**DIRECTIONS FOR THIS TASK:**
Set down each record below precisely, skipping the pictures.

**DATA RECORDS:**
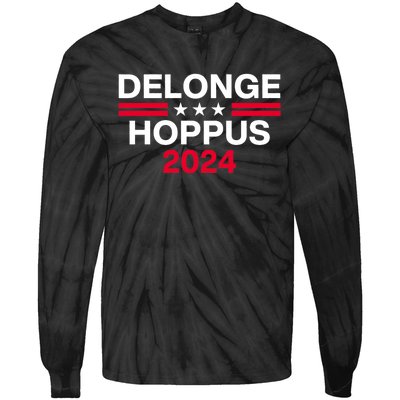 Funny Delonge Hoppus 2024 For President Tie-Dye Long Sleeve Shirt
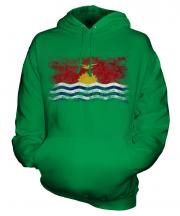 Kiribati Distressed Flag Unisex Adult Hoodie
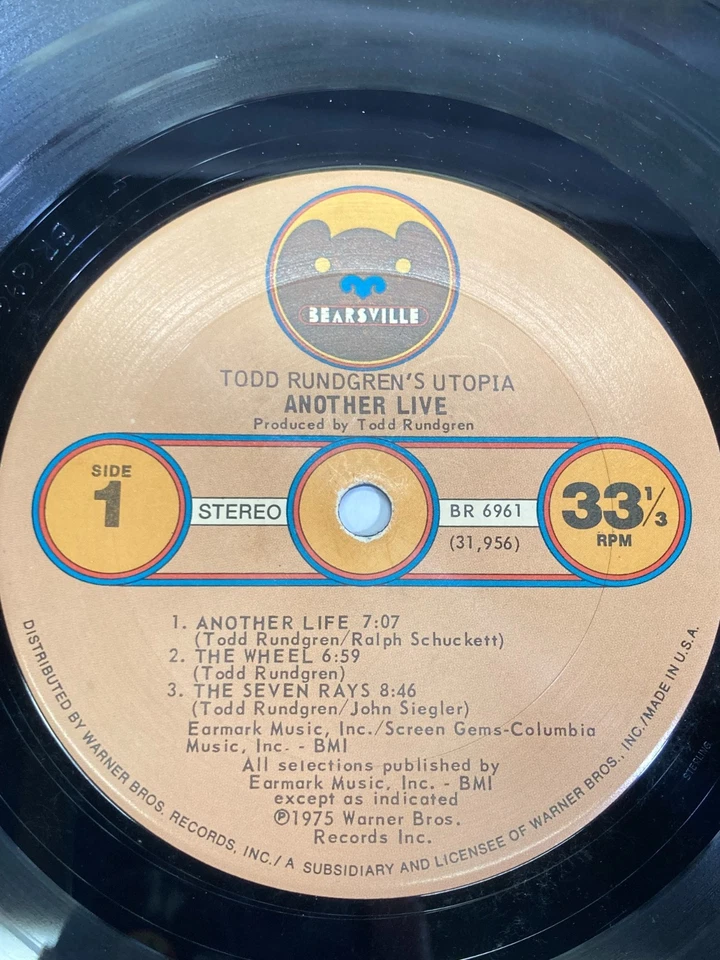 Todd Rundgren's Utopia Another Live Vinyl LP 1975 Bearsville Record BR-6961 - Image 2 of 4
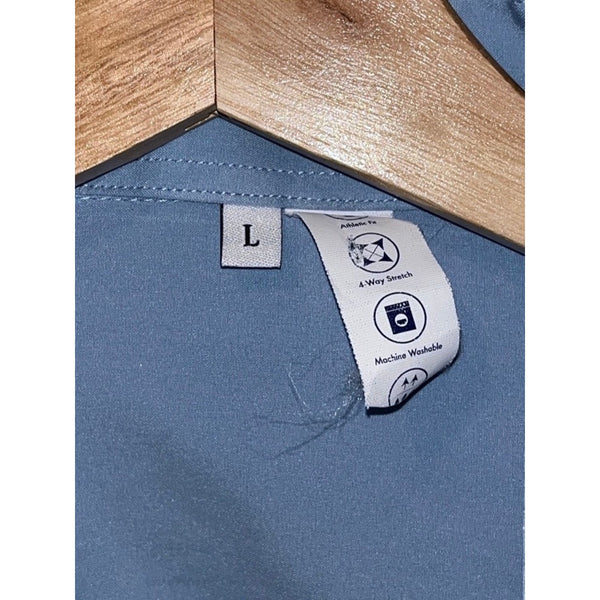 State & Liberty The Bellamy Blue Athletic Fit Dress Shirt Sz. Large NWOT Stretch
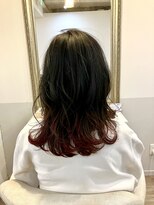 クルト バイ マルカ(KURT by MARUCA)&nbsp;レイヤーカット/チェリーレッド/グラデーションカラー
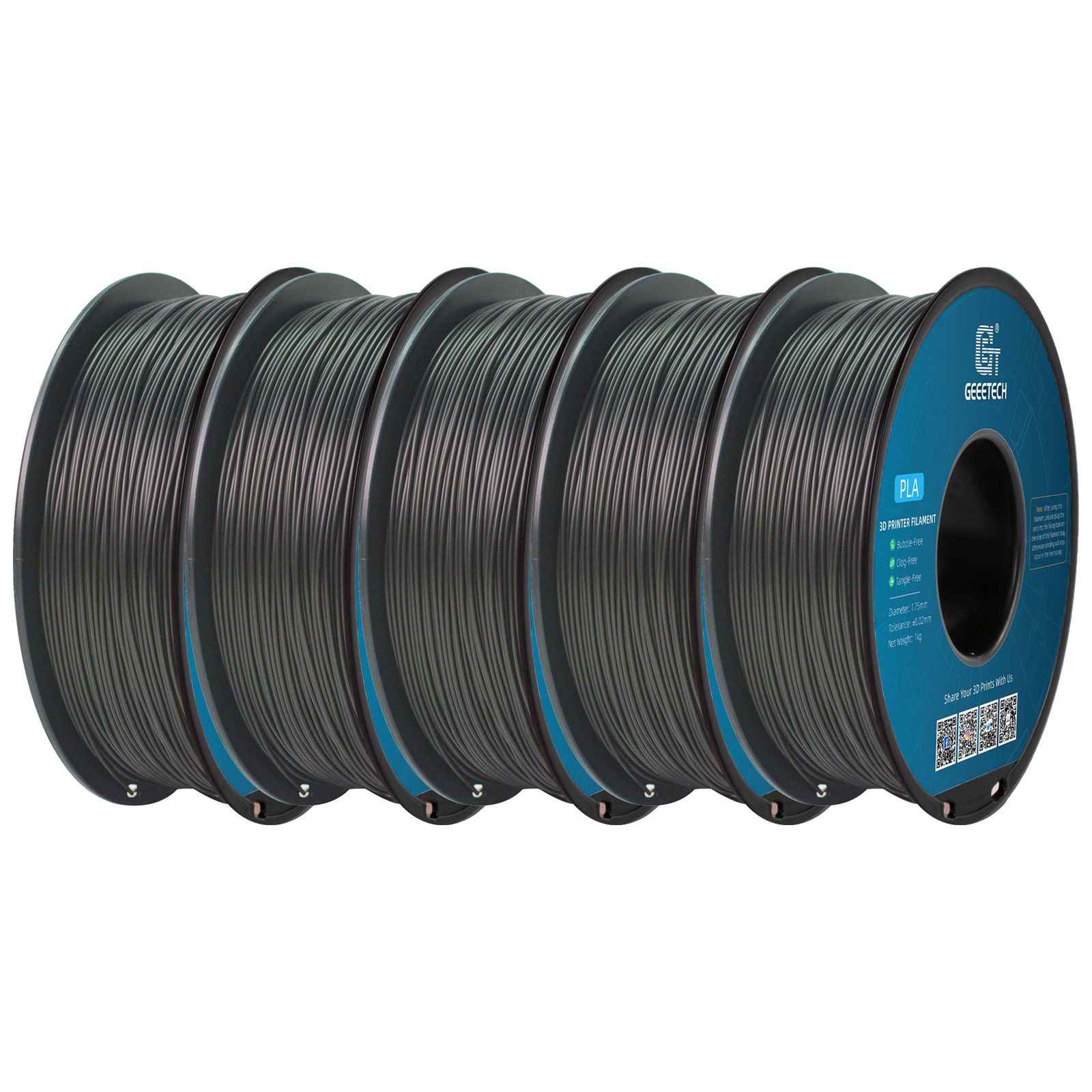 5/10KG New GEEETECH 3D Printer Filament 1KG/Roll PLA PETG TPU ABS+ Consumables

**OUTPUT OF THE EXERCISE:**
 Funny Delonge Hoppus 2024 For President Tie-Dye Long Sleeve Shirt
 Kiribati Distressed Flag Unisex Adult Hoodie
 Todd Rundgren's Utopia Another Live Vinyl LP 1975 Bearsville Record BR-6961 - Image 2 of 4
 State & Liberty The Bellamy Blue Athletic Fit Dress Shirt Sz. Large NWOT Stretch
 クルト バイ マルカ(KURT by MARUCA)&nbsp;レイヤーカット/チェリーレッド/グラデーションカラー
 5/10KG New GEEETECH 3D Printer Filament 1KG/Roll PLA PETG TPU ABS+ Consumables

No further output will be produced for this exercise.